Again, the protesters aren’t saying that Clark is innocent; they are saying that he didn’t deserve to die before he was able to have his day in court. Black female activists, from Ida B. Wells to Combahee River Collective members to Angela Davis, haven’t separated themselves from Black men or their defense of Black men dealing with the legal and extralegal system from their feminism. More importantly, none of the people raising these counterarguments are publicly offering help, particularly to the girlfriend they wish to use as a proof against the protests. As studies have proven, such stereotyping—like the belief that Black women don’t deserve genuine empathy—further impacts the lives of Black women as we navigate what Melissa Harris-Perry calls the “crooked room” of racism and sexism. We must deal with our familial, reproductive, sexual, and romantic lives in the midst of couched dismissal of our existences in order to serve as the so-called allies’ political counterarguments to those issues directly affecting us.

Yet, in all of this, very few in the media and government are addressing the systemic structures that allow the reproductive justice issues to fester in North Minneapolis and the state itself. That the Huffington Post and 24/7 Wall Street ranked Minneapolis-St. Paul as the third-worst city in the United States for Black Americans is, at best, met with white progressive hand-wringing and the weird double-talk that is the fine art of “Minnesota Nice.” More often than not, the reports and the statistics as to why the Twin Cities ranked so high—high unemployment, low median income, poverty rates, redlining then gentrifying communities of color, and disproportionately high rates of STIs—are met with relative silence, compared to the screaming outrage a person here sees as the reaction to the protests in North Minneapolis.  
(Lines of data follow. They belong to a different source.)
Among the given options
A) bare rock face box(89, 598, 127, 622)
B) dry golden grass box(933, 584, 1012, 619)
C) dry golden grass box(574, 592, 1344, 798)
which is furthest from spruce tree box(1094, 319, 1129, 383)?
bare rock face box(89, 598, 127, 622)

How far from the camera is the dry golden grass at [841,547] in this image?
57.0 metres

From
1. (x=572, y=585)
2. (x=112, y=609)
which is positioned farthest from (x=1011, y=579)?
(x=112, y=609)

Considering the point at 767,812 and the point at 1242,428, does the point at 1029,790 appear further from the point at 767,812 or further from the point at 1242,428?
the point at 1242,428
Where reproductive justice is manifesting itself, however, is in the coalitions—which are deeper and broader than BLM-Minn and the local NAACP—that have come to support the #Justice4Jamar protests, with individuals across the racial and religious spectrums within and around North Minneapolis attending the protests and representatives from Indigenous, Asian and Pacific Islander (AAPI), and Muslim and Arab communities, among others, coming down to show support. Mayor Betsy Hodges may have run on a “One Minneapolis” platform, but she is showing so far that it’s a platitude and not a policy with regard to this situation: She endorsed the police’s behavior, it took her a few days after the shooting to request a federal investigation, seemingly only urging from protesters, and, when confronted about her responses, replied in double-talk. But there are Minneapolitans who are actually engaging in that promise.